Everyone largely agrees on what they see going on, but what does it mean? It’s nice for Clement to see God typifying the resurrection in nature, but everyone else who does not have faith in Christ looks at the same thing and comes to entirely different conclusions – ones that confirm the beliefs they already bring to the table.

This is a good example of how general revelation can only get you so far. All by itself, it has too many loose ends. It demands some guiding principals for us to make any sense of it all. I think however you view the natural world, you will end up seeing it as either some kind of circle, or a straight line. Either everything just keeps happening over and over to no end but to repeat, or happening over and over toward a specific end that has not happened yet. Either birth is the whole kahuna that will eventually express itself again, or birth is a small birth and later there will be a big birth. Either the sun rising is an illumination not any brighter or dimmer than yesterday or tomorrow, or it is a small sun rising and later there will be a much brighter dawn.

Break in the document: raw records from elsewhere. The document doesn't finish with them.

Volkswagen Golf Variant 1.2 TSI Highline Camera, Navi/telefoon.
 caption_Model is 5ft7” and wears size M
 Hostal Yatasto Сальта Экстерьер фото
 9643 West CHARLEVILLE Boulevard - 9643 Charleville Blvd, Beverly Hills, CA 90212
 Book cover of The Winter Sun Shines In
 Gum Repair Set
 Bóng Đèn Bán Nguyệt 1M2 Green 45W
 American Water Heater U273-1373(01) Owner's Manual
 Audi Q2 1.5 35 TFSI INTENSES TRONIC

Christianity sees time as a straight line with embedded repeating patterns, moving ever toward an end like a train barreling down the tracks toward its destination. Many other schemes of understanding the world begin and end with the patterns – they are all there is. In this sense, modern scientific atheism is actually more akin to Christianity. It also sees history as a straight line, from the explosion of the big bang to the eventual total expansion of the universe until all the suns die and the galaxies grow cold. It is a nihilistic future of icy death. And yet for secularists, that kind of raw materialism is not very palatable for day-to-day life and so they fall back on the cyclical model, describing life and relationships as narrative tropes.

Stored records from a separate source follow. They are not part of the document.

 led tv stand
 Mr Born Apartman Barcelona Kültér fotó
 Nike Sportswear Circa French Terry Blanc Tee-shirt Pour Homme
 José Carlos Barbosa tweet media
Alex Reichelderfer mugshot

On the next page, in chapter 25 of his epistle, Clement invokes the legend of the phoenix (which he takes to be a description of an actual bird), as also being a natural prefiguring or emblem of the bodily resurrection found in Christ. In the opening lines to Daft Punk’s hit Get Lucky from a couple years ago, Pharrel Williams drags the poor phoenix into the mix too. But what does it mean here? The “force from the beginning that keeps the planet spinning” – namely sex which (occasionally) leads to procreation. That’s why he’s at the funky club all night hoping to “get lucky” with some gal who wants to “get some”.

get-lucky

So ask someone to describe something and you’ll likely find out a lot more about the person than about the thing being described.

Chesterton, in one of the better passages from The Everlasting Man, says that the cross of Christ stands distinct in history as a sharp event. It is a stumbling block that must be dealt with, rudely interrupting what we thought was a pointless circle:

We might say that when St. George thrust his spear into the monster’s jaws, he broke in upon the solitude of the self-devouring serpent and gave it something to bite besides its own tail.